Bei Gegenständen, welche durch sich selbst ganz klar sind, nimmt Kant bisweilen eine sehr dunkle Metaphysik zur Führerin, und nur bei den Dunkelheiten des Gedankens schwingt er eine strahlende Fackel, erinnernd an die Israeliten, welche des Nachts eine Flammensäule, des Tages eine Wolkensäule zur Führerin hatten.

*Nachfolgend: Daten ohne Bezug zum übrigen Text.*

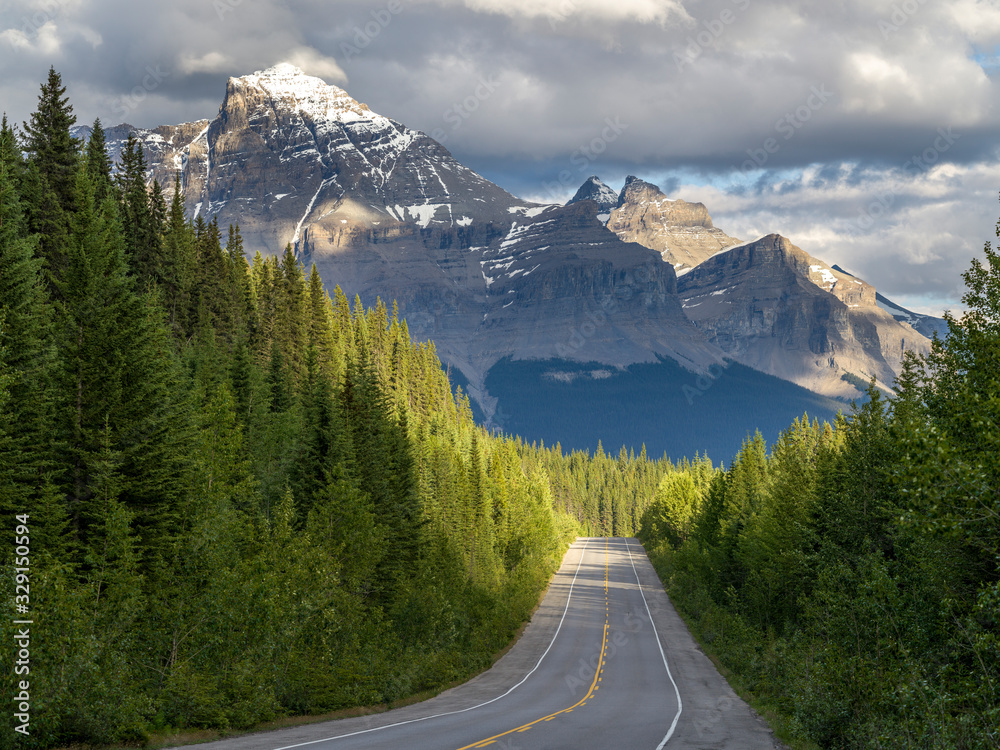 Road with snowcapped mountain range in the background, Icefield Parkway, Alberta, Canada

In Frankreich würde sich niemand die Mühe gegeben haben, so von Schwierigkeiten strotzende Werke zu studiren, wie Kants Werke sind; aber er hatte es mit geduldigen und ausharrenden Lesern zu thun. Unstreitig war dies kein Grund, sie zu misbrauchen; vielleicht aber würde er in der Wissenschaft des menschlichen Verstandes nicht so tiefe Forschungen angestellt haben, wenn er auf die Ausdrücke, deren er sich bediente, größeres Gewicht gelegt hätte. Die alten Philosophen haben ihre Lehre immer in zwei wesentlich verschiedene Theile gesondert, nemlich in den, der für die Eingeweiheten, und in den, der für das Publikum bestimmt war. Kants Schreibart ist durchaus verschieden, wenn es auf seine Theorie, oder wenn es auf die Anwendung dieser Theorie ankommt.
In seinen metaphysischen Abhandlungen nimmt er die Wörter als Chiffern, und giebt ihnen einen beliebigen Werth, ohne sich um denjenigen zu bekümmern, den sie durch den Gebrauch haben. Dies ist, dünkt mich, ein großer Irrthum; denn die Aufmerksamkeit des Lesers erschöpft sich im Begreifen des Sprachgebrauchs, ehe er zu den Ideen gelangt, und das Bekannte dient nie zur Stufenleiter, um das Unbekannte zu erfassen.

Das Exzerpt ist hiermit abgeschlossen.